I didn’t crunch the numbers but would guess that tips may nearly cover their transportation costs.  I sat there and I wondered how they mustered the strength to get up in the morning (or in the early afternoon?). How did they keep practicing? Did they have a day job? How did they not get discouraged? How would it be to have your skills and your passion underappreciated and mostly unnoticed? How would it be to work so hard for so little? How do they make a Banjo or a Mando sound so amazing?

In the dim light of the mason-jar chandeliers and through the glowing blue spotlight, I saw something in this backwoods-looking crew. They didn’t much care what I thought. They didn’t quit if the gig didn’t pay much. It was far more than a job or a gig to them. For them, it was an opportunity. They were going to do what they do it as well as they could and then practice more. And come back again next week better than before. And there they were. Playing because they loved to play and perhaps even lived to play.

Their strength and motivation was internal. Sure, they wanted some tips to cover some costs. But that wasn’t why they were there. Quite simply, it couldn’t have been. They were there because they loved doing what they were doing. And it showed. They had fun. Under ANY circumstance. It was as if they decided this and their approach would have been the same no matter what.

I don’t think it’s always bad to do things for external reasons. In part, that’s why this blog exists. We are social beings, after all. We are fueled and lifted to new heights by others. However, I am reminded that I could use a little more of that internal fire to help determine what I need to do to accomplish, grow and improve.

Perhaps I lie in wait for that perfect venue. That sublime moment where all of my efforts and talents are recognized and rewarded for what I feel they are worth. I wait for the stars to align instead of acting to align the things that I can actually move and control.

So, here’s a big step for me. I’m sure this post isn’t perfect. I’m sure there’s a typo. I could have expressed something better or worded it differently.  I could second-guess this thing to pure inaction…or just click the publish button. (Note to reader: If you are seeing this, I succeeded!)

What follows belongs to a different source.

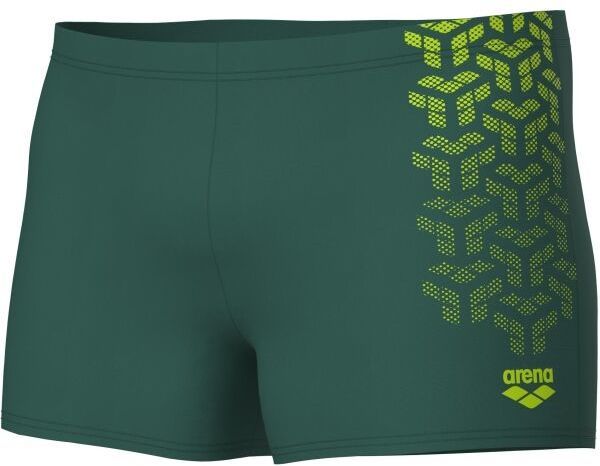 Arena KIKKO V SWIM SHORT Pánske plavky, zelená, veľkosť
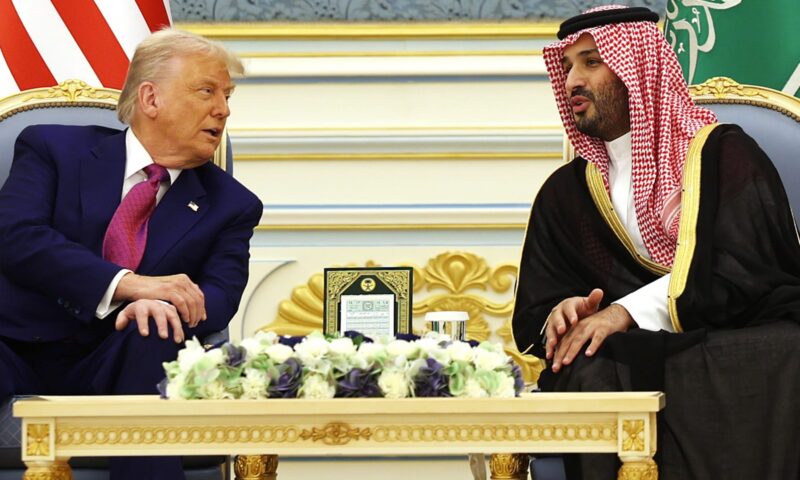 هل أوقف اتصال محمد بن سلمان ضربة أمريكية ضد إيران؟.. طهران تعلق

Historical marker near the Ryman Auditorium. Bluegrass seems like it has been around longer.

Historical marker near the Ryman Auditorium. Bluegrass seems like it should be older than it’s December 1945 birthday makes it.

Lined with Restaurants, Bars, Dives, etc. filled to the brim with live music.

Broadway near the Ryman. Lined with Restaurants, Bars, Dives, etc. filled to the brim with live music.



3 Responses to “Inspiration in Nashville”

  1. Suzanna May 8, 2013 at 7:28 am #

    Are you reading “How will you measure your life?” by C M Christensen?

    • Amanda May 9, 2013 at 11:55 pm #

      I totally just requested this from the library. He spoke recently and was impressed with him. I also dig that his new Institute is the Clayton Christensen Institute for Destructive Innovation.

  2. Suzanna Haltern May 10, 2013 at 2:19 pm #

    It is awesome, you two will love it on this journey.